Last summer, as I interviewed Aaron Ciechanover, who won a Nobel Prize in Chemistry in 2004, his country was at war. Three Israeli boys had just been murdered in the West Bank by Palestinians, then a Palestinian boy had been burned to death in retribution by Israelis. While we sat in his lab at the Technion-Israel Institute of Technology in Haifa, to the north of the bombs, missiles were flying over Jerusalem and Tel Aviv, and a Gaza invasion loomed. The mounting conflict troubled but didn’t ruffle Ciechanover, one of Israel’s greatest scientists and statesmen, who patiently and colorfully explained to me one of biology’s most remarkable processes, how a molecular Pac-Man races through our bodies and devours damaged cells.
For over 40 years, Ciechanover has worked to understand these molecular machines, called shredders. Built around a core molecule called ubiquitin, shredders destroy ruined proteins so that our bodies can replace them with fresh parts and not, says Ciechanover, rot like a side of meat, “brownish-greenish and stinking,” in the sun. Ciechanover shared the Nobel Prize with Avram Hershko, his mentor at Technion, and Irwin Rose, a biochemist at the University of California, Irvine. Scientists already understood the genetic code, how genes coded for the creation of proteins. But the shredder helped control the overall process: the degradation of damaged goods, DNA repair, cell division, and immune defense. The shredder enabled biologists to see the wizard behind the screen.

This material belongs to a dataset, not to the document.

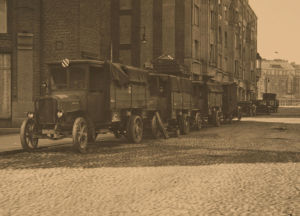 "Vain automobiileja täynnä haavoittuneita kuljetettiin runsaasti portin ohi." Saksalainen kuorma-autokolonna Helsingissä, viimeisenä ambulanssi. Saksalaisia sotilasajoneuvoja Helsingissä 1918.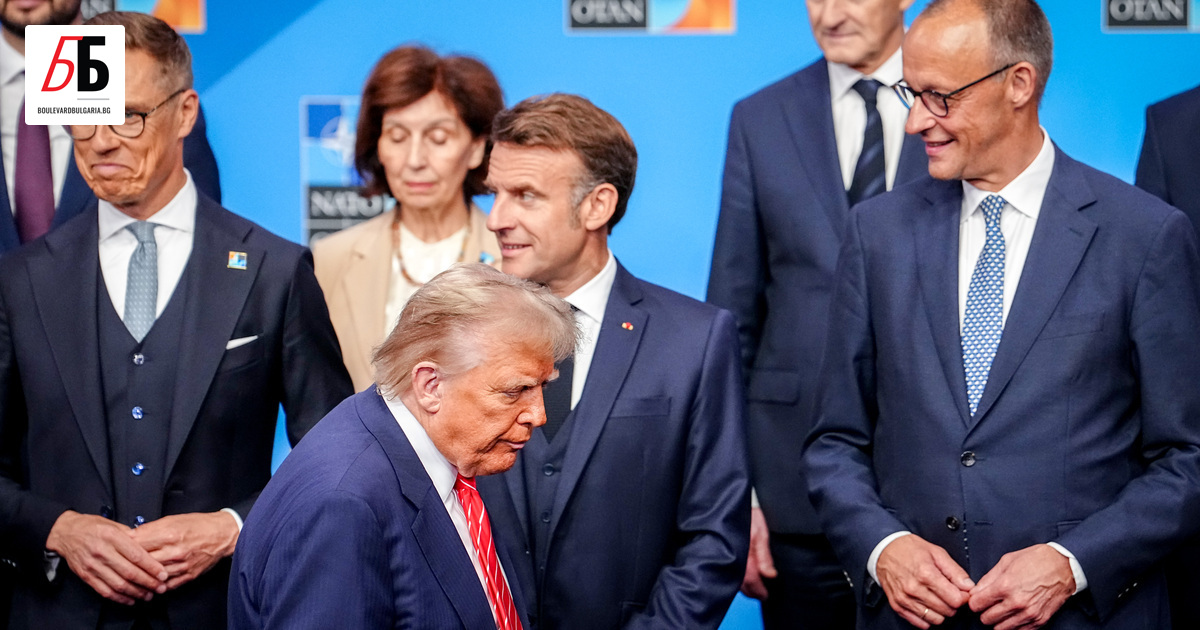 Президентът на Украйна Володимир Зеленски, лидерите на 5 държави от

Ciechanover speaks with boundless enthusiasm and charm. He has a great writer’s ability to turn complex subjects into compelling stories. English teachers should study his use of metaphor. The cars he once owned and the places he lived are represented through objects and replicas on his office shelves: a yellow cab from New York City, a series of Tonka Trucks, newly bought from Toys-R-Us in Times Square, to replace the ones he lost during the turbulent moves of childhood. “Toys let us fly on the wings of imagination even though they are very simple,” he says.
For Ciechanover, becoming a great scientist is about the ability to find connections in life and unite them in a singular voice. Doing science, he says, is “like studying in a very good chef’s school in Paris. You don’t do what the chef told you to do, but you use the principles that you learned. You open your own restaurant. And then, it’s up to your imagination what you make.” Almost as much as he loves science, Ciechenover loves Haifa where he was born. He shows me two photos of an identical scene of the city, one taken by day and the other by night. “It’s beautiful here,” he says.” Then he adds, “Pam, enjoy the rest of your stay. Just be careful of the missiles and you’ll be fine.”